Of the lines in the data below, write out exactly those from the one holding "head football coach" through the one holding "Alhambra Granada Andaluzja", both included.

================================

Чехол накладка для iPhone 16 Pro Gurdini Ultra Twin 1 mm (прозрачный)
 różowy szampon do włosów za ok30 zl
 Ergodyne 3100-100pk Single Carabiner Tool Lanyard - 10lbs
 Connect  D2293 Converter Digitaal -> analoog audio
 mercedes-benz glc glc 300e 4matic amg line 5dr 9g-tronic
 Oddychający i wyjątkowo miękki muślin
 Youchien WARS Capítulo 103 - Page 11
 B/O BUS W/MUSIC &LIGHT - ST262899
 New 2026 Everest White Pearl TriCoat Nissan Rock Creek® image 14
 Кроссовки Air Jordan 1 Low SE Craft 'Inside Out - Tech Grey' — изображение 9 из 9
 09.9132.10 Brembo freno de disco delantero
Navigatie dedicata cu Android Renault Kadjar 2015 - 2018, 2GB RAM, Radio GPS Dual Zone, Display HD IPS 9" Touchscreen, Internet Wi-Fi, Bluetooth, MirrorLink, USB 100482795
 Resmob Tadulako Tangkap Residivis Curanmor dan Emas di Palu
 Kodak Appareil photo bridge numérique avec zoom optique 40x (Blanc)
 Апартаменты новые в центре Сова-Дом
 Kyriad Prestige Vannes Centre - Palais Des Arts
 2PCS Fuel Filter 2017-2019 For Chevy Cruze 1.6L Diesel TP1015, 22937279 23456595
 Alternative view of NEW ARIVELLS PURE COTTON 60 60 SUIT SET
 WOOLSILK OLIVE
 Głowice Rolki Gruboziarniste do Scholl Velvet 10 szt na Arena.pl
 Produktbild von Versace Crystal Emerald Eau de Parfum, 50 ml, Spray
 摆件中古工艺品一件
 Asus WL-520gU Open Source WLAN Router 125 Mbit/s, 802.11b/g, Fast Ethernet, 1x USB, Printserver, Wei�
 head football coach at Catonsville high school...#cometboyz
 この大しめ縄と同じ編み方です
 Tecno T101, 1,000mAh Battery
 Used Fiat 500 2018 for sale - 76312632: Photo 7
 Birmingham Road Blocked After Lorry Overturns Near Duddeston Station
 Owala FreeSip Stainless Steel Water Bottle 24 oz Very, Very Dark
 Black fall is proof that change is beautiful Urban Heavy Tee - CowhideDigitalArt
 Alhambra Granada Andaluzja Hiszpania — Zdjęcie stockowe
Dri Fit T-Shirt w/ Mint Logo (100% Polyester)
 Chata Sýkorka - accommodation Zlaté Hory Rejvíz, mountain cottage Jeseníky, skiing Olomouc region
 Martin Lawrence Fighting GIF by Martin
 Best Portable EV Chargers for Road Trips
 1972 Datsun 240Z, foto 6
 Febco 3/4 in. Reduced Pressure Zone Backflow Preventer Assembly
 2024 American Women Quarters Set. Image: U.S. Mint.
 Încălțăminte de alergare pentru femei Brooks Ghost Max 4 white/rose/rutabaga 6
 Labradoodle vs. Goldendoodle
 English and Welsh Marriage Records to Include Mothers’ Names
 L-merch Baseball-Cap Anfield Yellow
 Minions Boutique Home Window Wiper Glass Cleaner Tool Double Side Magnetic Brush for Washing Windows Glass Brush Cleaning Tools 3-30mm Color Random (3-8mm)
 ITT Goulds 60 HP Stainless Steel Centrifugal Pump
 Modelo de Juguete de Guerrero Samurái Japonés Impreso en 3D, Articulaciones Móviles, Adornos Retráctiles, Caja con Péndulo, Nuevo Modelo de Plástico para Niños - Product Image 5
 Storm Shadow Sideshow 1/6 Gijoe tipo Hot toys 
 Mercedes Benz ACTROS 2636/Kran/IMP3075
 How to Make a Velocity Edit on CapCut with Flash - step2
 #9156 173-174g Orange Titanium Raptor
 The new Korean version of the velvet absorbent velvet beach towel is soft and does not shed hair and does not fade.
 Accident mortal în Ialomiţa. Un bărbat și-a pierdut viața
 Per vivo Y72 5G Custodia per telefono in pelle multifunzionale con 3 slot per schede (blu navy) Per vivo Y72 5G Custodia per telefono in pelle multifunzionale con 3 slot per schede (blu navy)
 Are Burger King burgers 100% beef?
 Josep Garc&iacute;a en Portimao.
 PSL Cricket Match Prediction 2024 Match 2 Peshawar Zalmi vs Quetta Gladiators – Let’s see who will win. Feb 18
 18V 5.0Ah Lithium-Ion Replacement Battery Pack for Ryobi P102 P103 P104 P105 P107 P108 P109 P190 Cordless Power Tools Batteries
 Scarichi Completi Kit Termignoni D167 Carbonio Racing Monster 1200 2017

================================

# [ANSWER BELOW]
 head football coach at Catonsville high school...#cometboyz
 この大しめ縄と同じ編み方です
 Tecno T101, 1,000mAh Battery
 Used Fiat 500 2018 for sale - 76312632: Photo 7
 Birmingham Road Blocked After Lorry Overturns Near Duddeston Station
 Owala FreeSip Stainless Steel Water Bottle 24 oz Very, Very Dark
 Black fall is proof that change is beautiful Urban Heavy Tee - CowhideDigitalArt
 Alhambra Granada Andaluzja Hiszpania — Zdjęcie stockowe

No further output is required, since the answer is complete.